» **DATA BLOCK**:
══════════

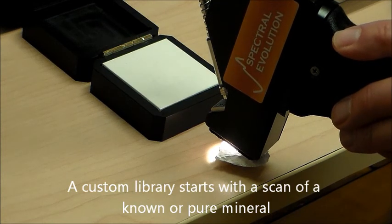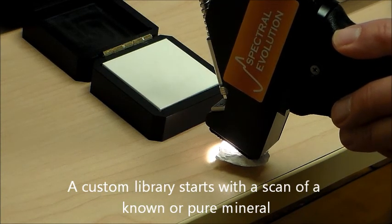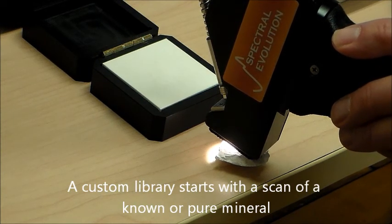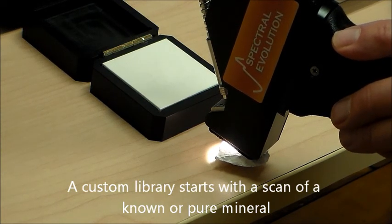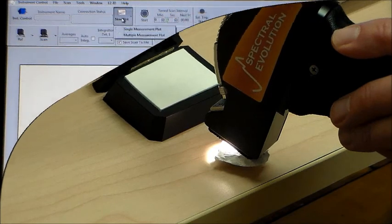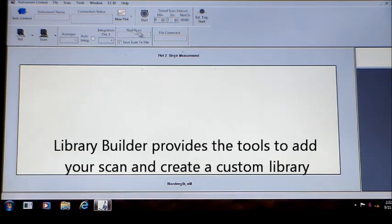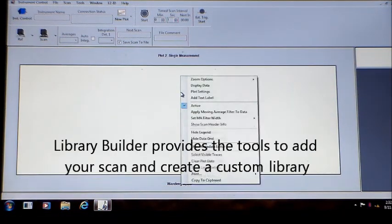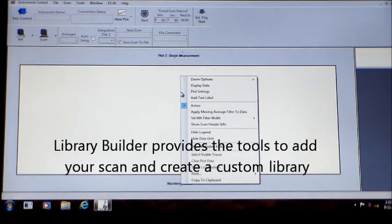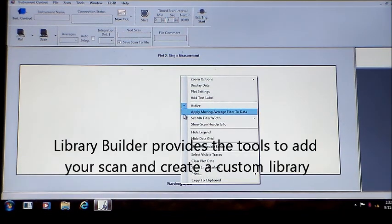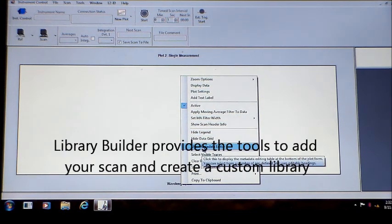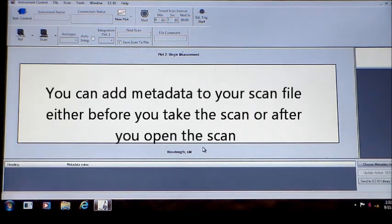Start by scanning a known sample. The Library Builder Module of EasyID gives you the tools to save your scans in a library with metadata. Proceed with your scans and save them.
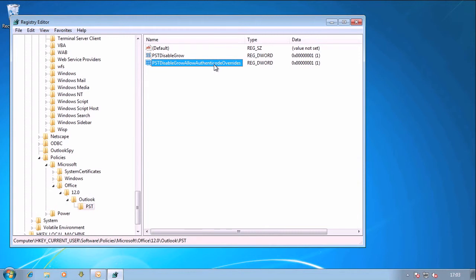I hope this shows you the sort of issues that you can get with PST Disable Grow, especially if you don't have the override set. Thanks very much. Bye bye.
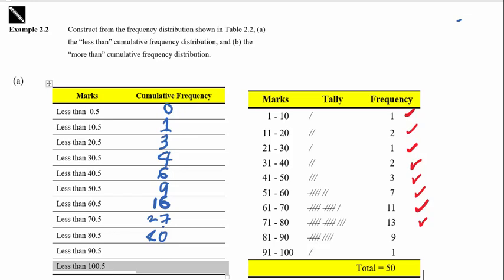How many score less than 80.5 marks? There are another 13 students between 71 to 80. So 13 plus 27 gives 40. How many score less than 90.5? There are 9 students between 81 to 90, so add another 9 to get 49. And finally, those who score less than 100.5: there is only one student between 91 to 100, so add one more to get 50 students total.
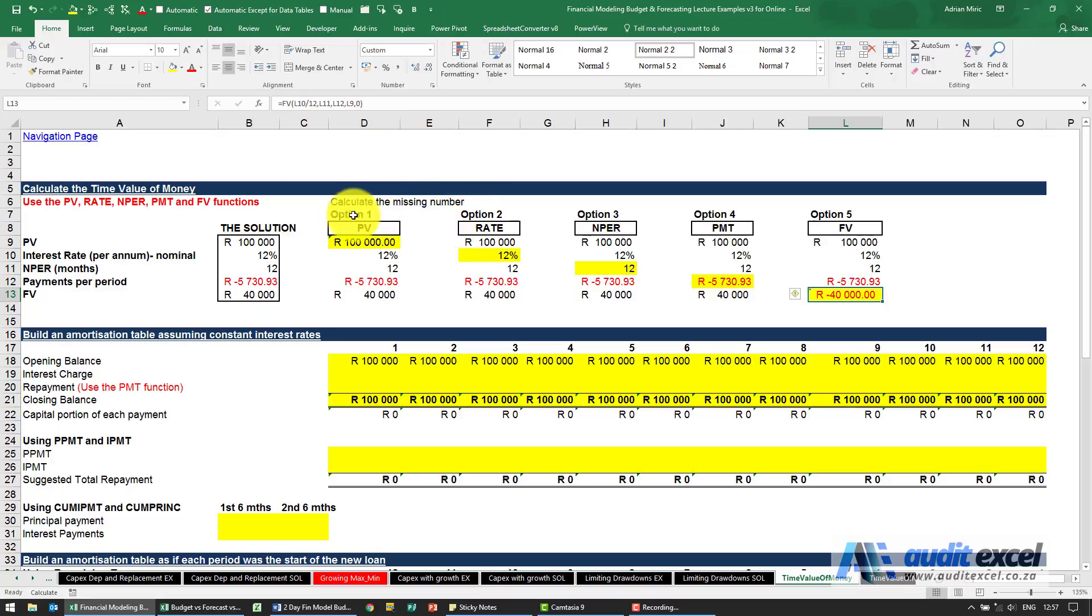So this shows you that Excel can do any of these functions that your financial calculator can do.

══════════

» **WHAT THE EXERCISE ASKS**:
Please give back every line above exactly as it stands, without pictures.

» **RESULT BELOW**:
Start by scanning a known sample. The Library Builder Module of EasyID gives you the tools to save your scans in a library with metadata. Proceed with your scans and save them.
I hope this shows you the sort of issues that you can get with PST Disable Grow, especially if you don't have the override set. Thanks very much. Bye bye.
How many score less than 80.5 marks? There are another 13 students between 71 to 80. So 13 plus 27 gives 40. How many score less than 90.5? There are 9 students between 81 to 90, so add another 9 to get 49. And finally, those who score less than 100.5: there is only one student between 91 to 100, so add one more to get 50 students total.
So this shows you that Excel can do any of these functions that your financial calculator can do.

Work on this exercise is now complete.